(INFORMATION GIVEN Opens)

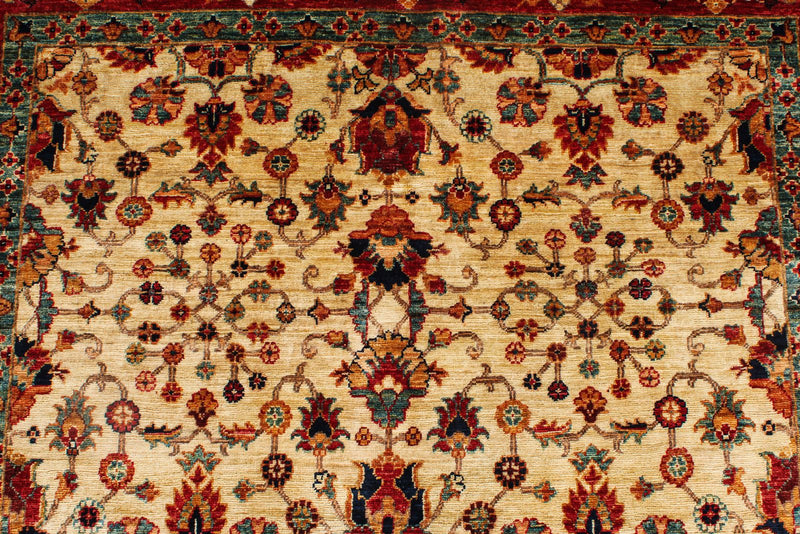 5x7 Ivory and Burgundy Persian Rug
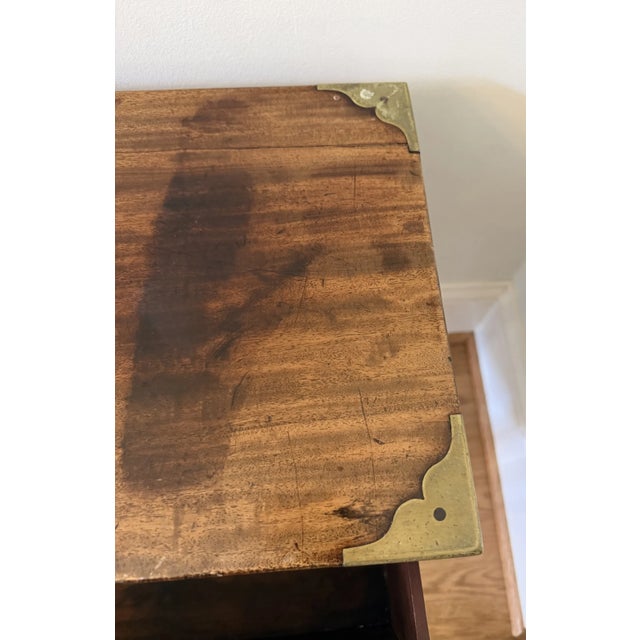 Wood Campaign Writing Chest on Stand For Sale - Image 7 of 9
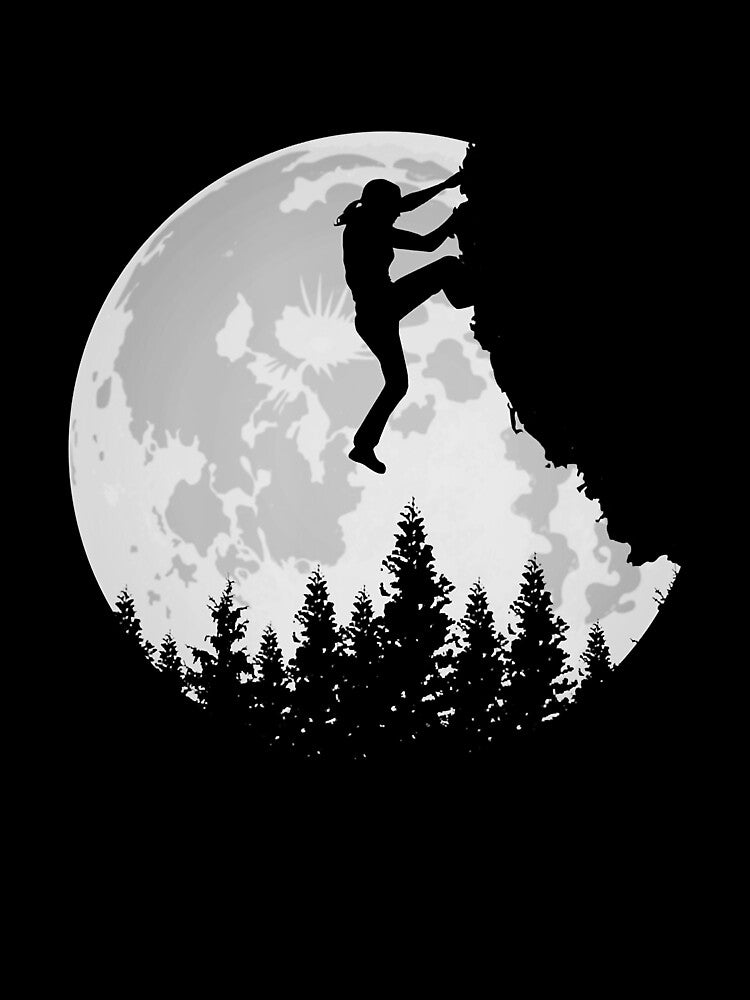 Inspirational Moon Climbing Rock Climbing Climber Mountain Bouldering Funny by Jutisi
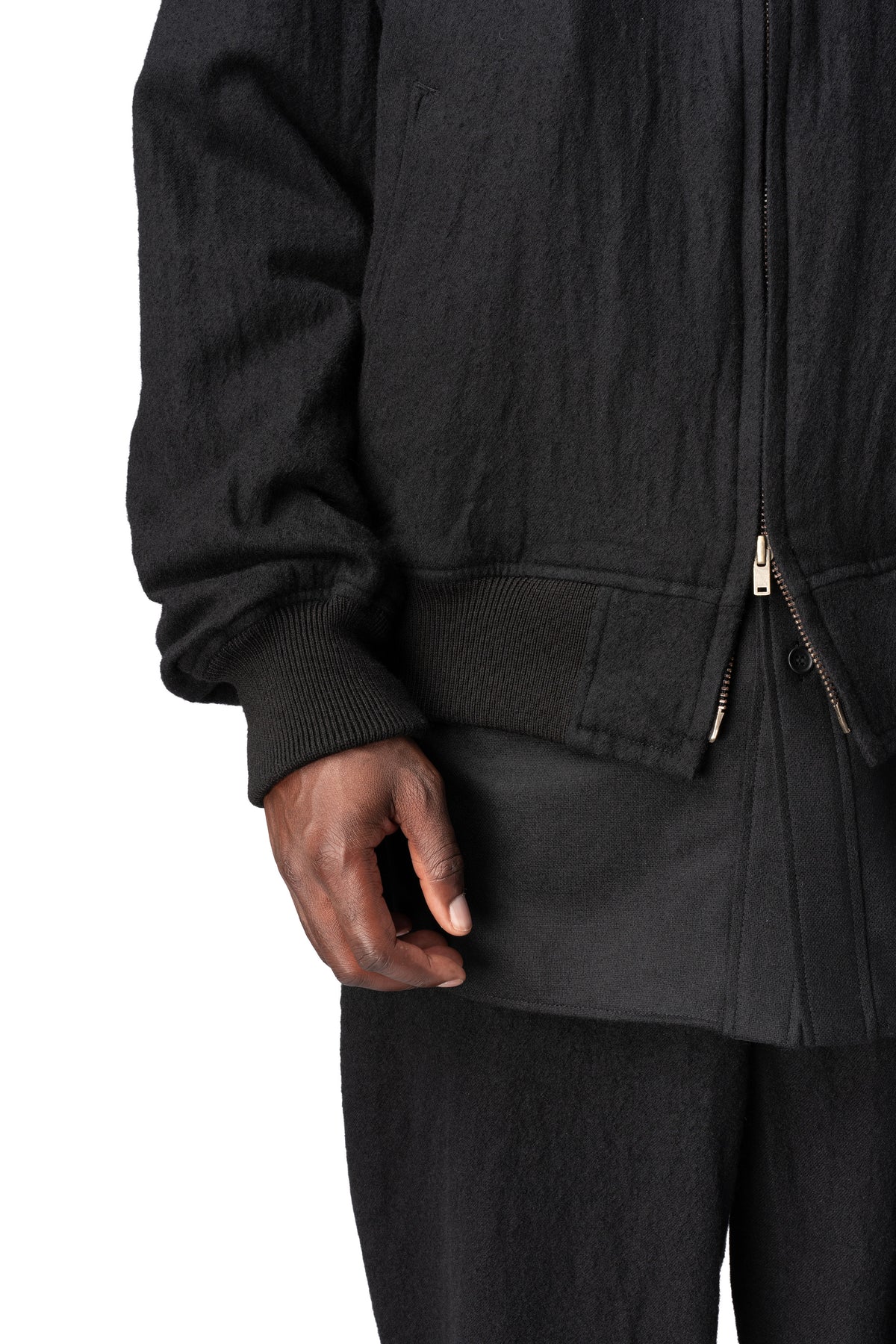 Y's Yohji Yamamoto | AW26 - Shrink wool rib trim blouson, Black MW-Y70-101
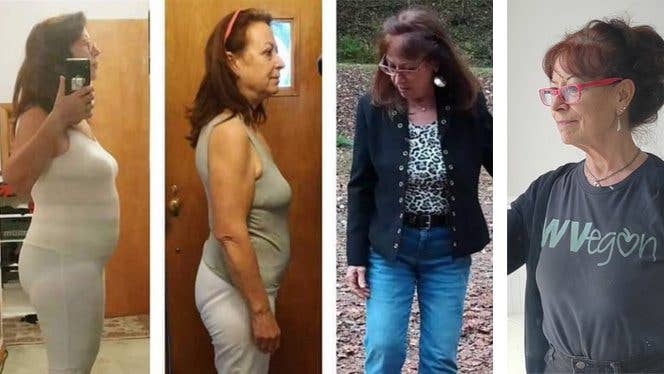 wendy swiger before and after adopting a plant-based diet for weight loss and heart disease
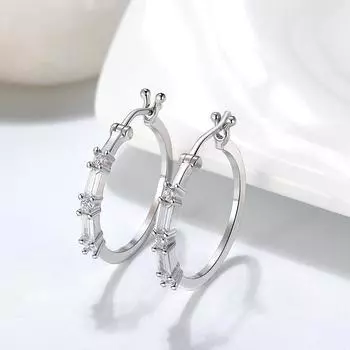 Ювелирные изделия Серьги-гвоздики из стерлингового серебра 925 пробы Серьги с несколькими бриллиантами Классические серьги с белым цирконием 925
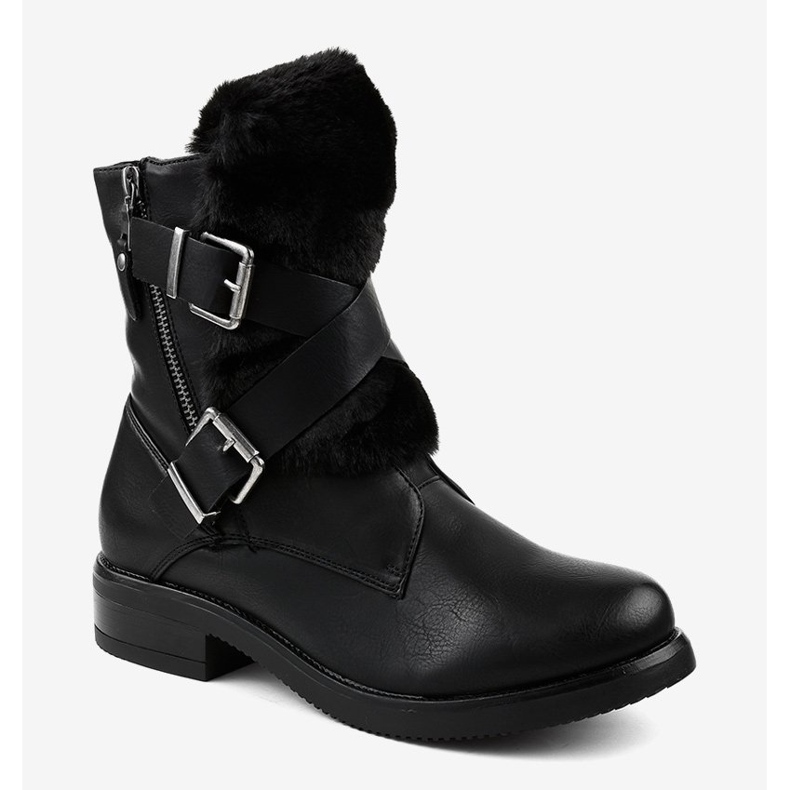 Černé ploché kozačky s kožešinou 1061A-PA černá 1 Černé ploché kozačky s kožešinou 1061A-PA černá 1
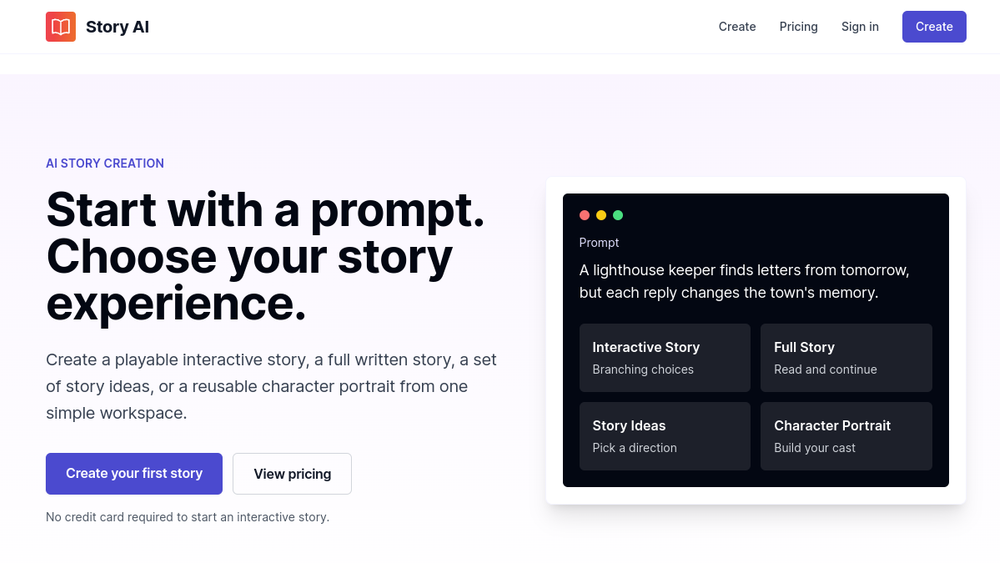 Screenshot of storyai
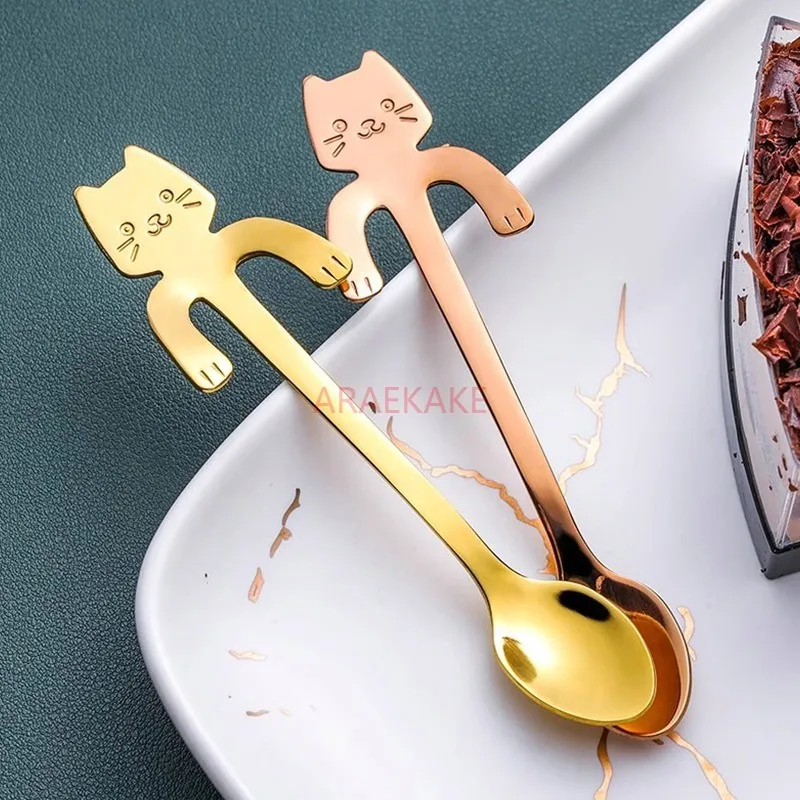الفولاذ المقاوم للصدأ لطيف القط على شكل ملعقة قهوة معلقة ملعقة الإبداعية الكرتون الإنترنت الشهيرة القط اثارة الحلوى ملعقة الآيس كريم #2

(INFORMATION GIVEN Closes)

HOW TO COMPLETE THIS TASK — Copy, word for word, the entries above from the first line to the line that holds "wendy swiger before". Drop the pictures.

ANSWER BOX —
 5x7 Ivory and Burgundy Persian Rug
 Wood Campaign Writing Chest on Stand For Sale - Image 7 of 9
 Inspirational Moon Climbing Rock Climbing Climber Mountain Bouldering Funny by Jutisi
 Y's Yohji Yamamoto | AW26 - Shrink wool rib trim blouson, Black MW-Y70-101
 wendy swiger before and after adopting a plant-based diet for weight loss and heart disease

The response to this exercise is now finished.